» **What you should do**: Give as output the line that contains "3C4NJDBB4KT641361 2019 Jeep Compass Latitude", followed by every remaining line of the entries, unchanged and with nothing added.

[Extracted records]
• • • • • • •

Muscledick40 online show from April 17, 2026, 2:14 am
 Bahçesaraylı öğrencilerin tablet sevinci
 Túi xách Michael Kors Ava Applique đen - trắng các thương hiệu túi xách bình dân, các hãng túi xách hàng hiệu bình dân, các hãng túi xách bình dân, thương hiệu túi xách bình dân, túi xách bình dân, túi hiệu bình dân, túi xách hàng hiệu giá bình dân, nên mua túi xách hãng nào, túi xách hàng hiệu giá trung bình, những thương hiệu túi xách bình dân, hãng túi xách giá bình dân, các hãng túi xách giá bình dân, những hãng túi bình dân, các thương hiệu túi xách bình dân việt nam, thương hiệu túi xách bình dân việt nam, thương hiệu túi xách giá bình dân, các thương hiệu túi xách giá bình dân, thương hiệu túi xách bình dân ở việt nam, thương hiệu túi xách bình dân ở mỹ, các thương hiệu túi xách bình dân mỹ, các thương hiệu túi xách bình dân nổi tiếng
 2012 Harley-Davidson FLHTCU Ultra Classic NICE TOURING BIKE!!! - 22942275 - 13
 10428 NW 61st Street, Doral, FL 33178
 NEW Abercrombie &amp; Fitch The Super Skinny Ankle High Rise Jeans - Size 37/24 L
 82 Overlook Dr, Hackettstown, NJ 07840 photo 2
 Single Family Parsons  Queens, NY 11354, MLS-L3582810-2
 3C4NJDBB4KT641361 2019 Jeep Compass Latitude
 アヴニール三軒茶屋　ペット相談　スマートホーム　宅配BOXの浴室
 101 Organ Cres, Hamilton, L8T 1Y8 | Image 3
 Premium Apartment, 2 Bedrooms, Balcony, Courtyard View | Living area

• • • • • • •

» **Answer below**:
 3C4NJDBB4KT641361 2019 Jeep Compass Latitude
 アヴニール三軒茶屋　ペット相談　スマートホーム　宅配BOXの浴室
 101 Organ Cres, Hamilton, L8T 1Y8 | Image 3
 Premium Apartment, 2 Bedrooms, Balcony, Courtyard View | Living area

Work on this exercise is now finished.